Just as much as customers want to know ROI, they also want to tinker with Copilot for their use case and team. This is exciting but also taxing on your org, especially when you’re small.
You have to get opinionated about what POC is worth supporting and how you will measure the impact. Sometimes, you have to say no or push them into a specific package, which is true post-sale for adoption. Customers say they’ll let interested developers use it, but you really need to get everyone going.
Be prescriptive about the adoption journey.
Driving Growth at Scale

If you’re lucky, this massive business you’re building is showing signs of strain in certain areas because of rapid growth. The next horizon is scaling. Your greatest asset is the hours of experts on your teams.
How do you make your sellers as productive as possible when they can’t possibly keep up with the demand? You have to put as much as possible into self-service channels, enable partner networks to help, record things, and drive a one-to-many approach.
In times of massive scale, it’s an opportunity to get more opinionated about your pipeline because you have a lot coming in. You want to get a baseline to measure and attribute it and identify the levers to pull around it.
Another big investment during rapid growth is digital moments. You need customers to do everything themselves, on demand, without human intervention. You can brute force these things initially, but it doesn’t work at scale. It collapses under process and administrative technical debt created over the years.
Using AI to Handle Rapid Growth
Internal processes and experiences like support can get overloaded by scale. GitHub turned to Copilot to help with the support case queue. Based on its success, it’s now across many support surfaces, deflecting about 60% of tickets and saving tons of man-hours and hires.
The support team can focus on more complex problems. Copilot for support implementation has been a winner, followed by partner strategy. You might arrive at a point where you can no longer support the weight of your own GTM, like sales and post-sales adoption motions.
You need to access new channels and geos, and partners can come in behind you to ensure customers are adopting the product and their ARR is increasing year-over-year. You want to invest time and energy here so that partners are ready to talk to customers.
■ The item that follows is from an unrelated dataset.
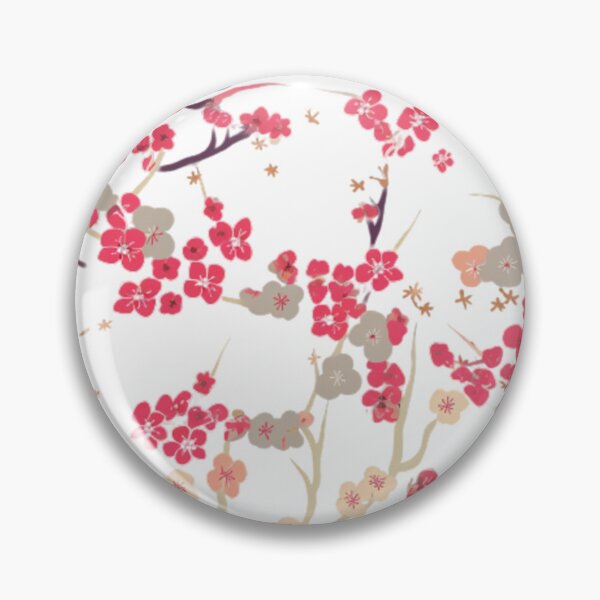 Item preview, cherry-blossom designed and sold by Ernest Petitjean Créations.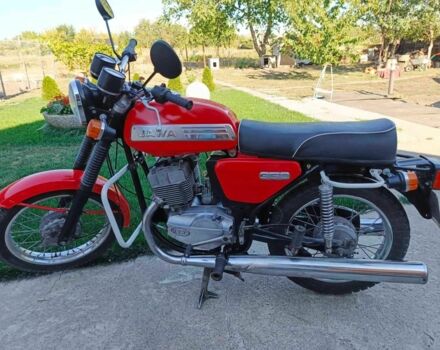 ЯВА Другая, объемом двигателя 0.35 л и пробегом 0 тыс. км за 857 $, фото 1 на Automoto.ua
Double Down on Fundamentals

There’s a lot of noise when you’re scaling fast. How do you help ensure you’re driving signal through all this noise and change? GitHub took all the GTM motions and conversations across the company and organized them through the lens of three revenue plays.
- Land
- Secure
- Accelerate
The revenue plays become the basis for enablement and PMM playbooks and the core of your product roadmap, how finance reports on the business, running MBRs and QBRs, and measuring pipeline. The simple shift of naming these plays creates clarity and alignment around them end-to-end in the business.
Key Takeaways
- Keep customers at the center of the journey of scaling an AI product to millions of users.
- Be nimble in your GTM strategy and pivot based on feedback created by functional feedback loops between customers, revenue, partners, engineering, product, and design.
- Invest in scale engines to make sure you’re ready to get to the next million users of your product.